PROBLEM TO WORK ON
Whenever the string "Jaguar" turns up in a line below, that line should be copied.

•••••

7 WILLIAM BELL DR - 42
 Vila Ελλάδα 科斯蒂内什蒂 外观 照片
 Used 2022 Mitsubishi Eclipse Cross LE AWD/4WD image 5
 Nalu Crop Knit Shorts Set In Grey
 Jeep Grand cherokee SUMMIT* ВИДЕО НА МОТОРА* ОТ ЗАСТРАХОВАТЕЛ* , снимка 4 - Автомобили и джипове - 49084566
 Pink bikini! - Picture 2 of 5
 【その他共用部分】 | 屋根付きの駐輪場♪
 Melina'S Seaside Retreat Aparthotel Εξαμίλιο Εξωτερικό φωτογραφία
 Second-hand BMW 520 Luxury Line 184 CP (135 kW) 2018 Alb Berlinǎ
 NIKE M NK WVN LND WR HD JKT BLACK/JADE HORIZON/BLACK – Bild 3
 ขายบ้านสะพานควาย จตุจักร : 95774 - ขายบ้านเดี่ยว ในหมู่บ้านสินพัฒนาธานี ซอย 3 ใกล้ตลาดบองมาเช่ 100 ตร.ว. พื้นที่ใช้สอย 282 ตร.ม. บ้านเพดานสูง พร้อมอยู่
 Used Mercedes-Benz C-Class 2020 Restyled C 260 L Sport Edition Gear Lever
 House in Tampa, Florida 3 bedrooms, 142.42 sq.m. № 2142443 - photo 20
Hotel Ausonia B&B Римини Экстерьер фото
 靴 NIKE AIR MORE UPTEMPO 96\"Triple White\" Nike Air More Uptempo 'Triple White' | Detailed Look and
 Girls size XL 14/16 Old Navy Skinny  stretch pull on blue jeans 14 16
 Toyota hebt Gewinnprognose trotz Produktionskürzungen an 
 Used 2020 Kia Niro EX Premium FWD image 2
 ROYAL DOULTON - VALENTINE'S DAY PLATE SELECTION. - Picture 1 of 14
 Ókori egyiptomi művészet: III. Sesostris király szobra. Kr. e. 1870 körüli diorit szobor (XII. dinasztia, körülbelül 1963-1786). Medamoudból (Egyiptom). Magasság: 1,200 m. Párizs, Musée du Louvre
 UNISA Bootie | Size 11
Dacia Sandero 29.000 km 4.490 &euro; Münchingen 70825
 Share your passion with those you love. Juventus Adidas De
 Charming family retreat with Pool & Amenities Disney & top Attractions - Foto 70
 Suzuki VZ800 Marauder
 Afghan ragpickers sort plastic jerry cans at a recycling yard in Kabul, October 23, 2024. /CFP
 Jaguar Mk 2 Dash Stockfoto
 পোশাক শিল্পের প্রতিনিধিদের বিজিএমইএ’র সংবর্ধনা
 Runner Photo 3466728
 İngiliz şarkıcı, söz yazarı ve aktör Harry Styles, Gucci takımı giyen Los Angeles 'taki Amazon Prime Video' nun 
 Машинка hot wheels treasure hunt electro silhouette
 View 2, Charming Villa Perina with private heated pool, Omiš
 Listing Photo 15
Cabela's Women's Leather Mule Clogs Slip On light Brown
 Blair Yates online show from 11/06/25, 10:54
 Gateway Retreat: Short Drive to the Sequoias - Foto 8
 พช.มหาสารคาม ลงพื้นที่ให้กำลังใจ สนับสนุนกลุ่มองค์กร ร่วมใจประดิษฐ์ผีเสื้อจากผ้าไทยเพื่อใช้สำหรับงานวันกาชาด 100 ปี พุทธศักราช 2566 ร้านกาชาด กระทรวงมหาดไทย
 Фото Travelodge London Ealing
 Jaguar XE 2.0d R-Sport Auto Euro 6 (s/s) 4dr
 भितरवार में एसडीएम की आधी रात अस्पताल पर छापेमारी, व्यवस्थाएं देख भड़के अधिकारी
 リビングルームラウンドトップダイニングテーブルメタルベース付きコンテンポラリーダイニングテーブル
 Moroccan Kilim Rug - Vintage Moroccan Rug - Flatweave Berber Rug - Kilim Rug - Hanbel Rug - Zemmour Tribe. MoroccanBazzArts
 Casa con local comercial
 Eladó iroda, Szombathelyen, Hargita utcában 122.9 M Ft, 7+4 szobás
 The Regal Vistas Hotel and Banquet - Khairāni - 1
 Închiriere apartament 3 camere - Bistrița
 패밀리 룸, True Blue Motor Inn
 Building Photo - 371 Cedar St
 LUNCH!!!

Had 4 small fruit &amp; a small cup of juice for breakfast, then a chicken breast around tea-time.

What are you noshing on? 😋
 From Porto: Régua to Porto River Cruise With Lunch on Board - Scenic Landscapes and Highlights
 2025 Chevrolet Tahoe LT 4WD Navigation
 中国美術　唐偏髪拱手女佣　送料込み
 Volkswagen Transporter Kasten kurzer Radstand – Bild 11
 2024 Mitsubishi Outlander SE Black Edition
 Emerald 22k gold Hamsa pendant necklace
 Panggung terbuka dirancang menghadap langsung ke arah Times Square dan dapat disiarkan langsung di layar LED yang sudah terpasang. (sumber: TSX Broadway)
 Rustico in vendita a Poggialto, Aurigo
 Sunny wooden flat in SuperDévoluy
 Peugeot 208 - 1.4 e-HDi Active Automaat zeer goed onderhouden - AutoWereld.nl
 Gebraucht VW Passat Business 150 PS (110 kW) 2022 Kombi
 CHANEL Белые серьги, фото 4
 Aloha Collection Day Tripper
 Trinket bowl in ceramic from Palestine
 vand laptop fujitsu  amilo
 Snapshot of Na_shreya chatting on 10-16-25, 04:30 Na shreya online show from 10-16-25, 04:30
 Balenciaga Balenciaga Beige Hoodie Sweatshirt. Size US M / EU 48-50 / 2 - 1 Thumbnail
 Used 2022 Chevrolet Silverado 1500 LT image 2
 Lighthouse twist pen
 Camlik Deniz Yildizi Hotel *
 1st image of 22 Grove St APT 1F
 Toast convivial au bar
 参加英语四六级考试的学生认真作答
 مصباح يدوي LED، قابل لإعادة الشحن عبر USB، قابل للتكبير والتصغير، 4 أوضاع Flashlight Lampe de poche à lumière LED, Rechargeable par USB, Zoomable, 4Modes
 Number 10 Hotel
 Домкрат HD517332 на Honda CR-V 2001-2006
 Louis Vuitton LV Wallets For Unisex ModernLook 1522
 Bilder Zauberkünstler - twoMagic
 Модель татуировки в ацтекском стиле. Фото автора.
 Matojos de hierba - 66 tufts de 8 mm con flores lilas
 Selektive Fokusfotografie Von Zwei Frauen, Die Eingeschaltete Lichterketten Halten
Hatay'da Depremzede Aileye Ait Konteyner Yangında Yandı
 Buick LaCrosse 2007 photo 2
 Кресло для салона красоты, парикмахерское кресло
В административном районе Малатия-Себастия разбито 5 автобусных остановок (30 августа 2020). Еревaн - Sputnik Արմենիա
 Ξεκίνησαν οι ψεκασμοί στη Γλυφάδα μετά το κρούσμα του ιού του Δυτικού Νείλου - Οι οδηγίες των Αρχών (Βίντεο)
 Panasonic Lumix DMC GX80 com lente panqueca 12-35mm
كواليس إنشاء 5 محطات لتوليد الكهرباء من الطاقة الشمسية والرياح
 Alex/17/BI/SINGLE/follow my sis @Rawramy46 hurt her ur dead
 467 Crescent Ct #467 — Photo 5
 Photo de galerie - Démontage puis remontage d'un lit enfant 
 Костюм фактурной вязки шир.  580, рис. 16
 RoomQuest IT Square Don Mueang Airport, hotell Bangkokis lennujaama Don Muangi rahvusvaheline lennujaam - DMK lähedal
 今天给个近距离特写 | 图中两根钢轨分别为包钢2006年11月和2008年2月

•••••

REPLY TO THE TASK
 Jaguar Mk 2 Dash Stockfoto
 Jaguar XE 2.0d R-Sport Auto Euro 6 (s/s) 4dr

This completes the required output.